▸ **Exercise directions**:
Give the lines below again, exactly as they stand, and leave out the images.

▸ **Exercise data**:
##############################
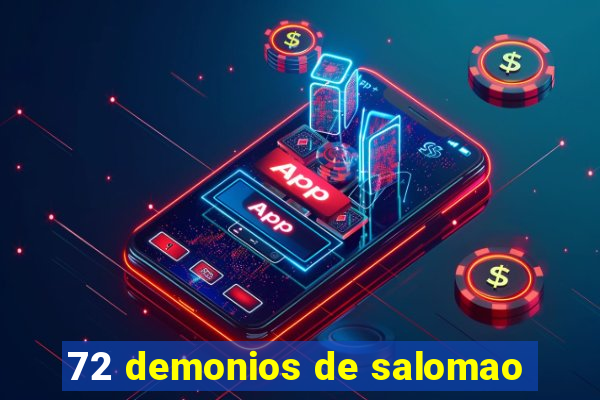 72 demonios de salomao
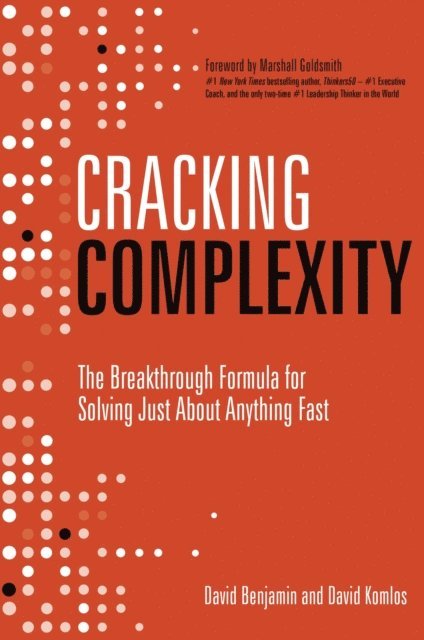 David Benjamin, David Komlos - Cracking Complexity, E-bok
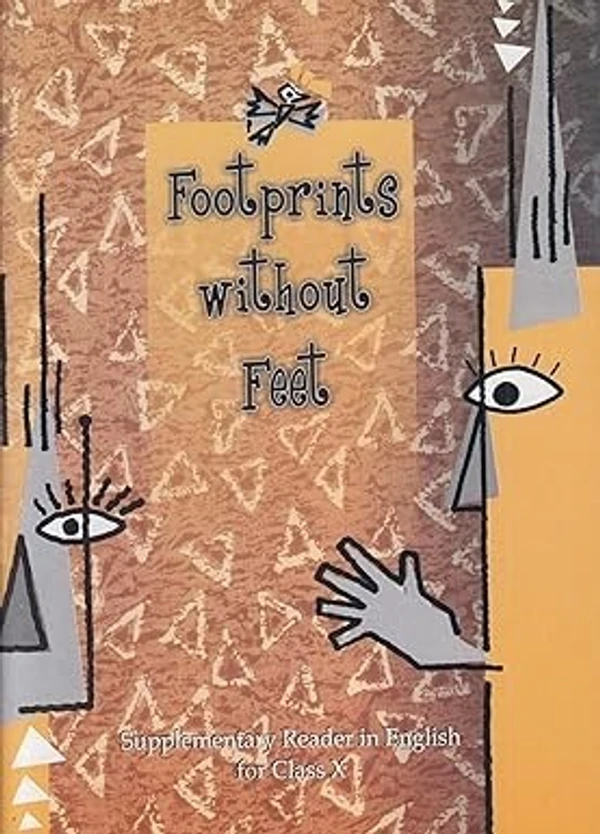 NCERT Footprints Without Feet Supplementary Reader In English Textbook Class 10 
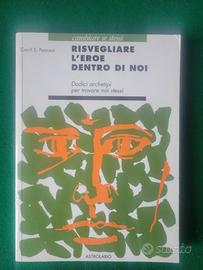 Risvegliare l'eroe dentro di noi,  Carol Pearson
##############################
▸ **Response to the task**:
 72 demonios de salomao
 David Benjamin, David Komlos - Cracking Complexity, E-bok
 NCERT Footprints Without Feet Supplementary Reader In English Textbook Class 10 
 Risvegliare l'eroe dentro di noi,  Carol Pearson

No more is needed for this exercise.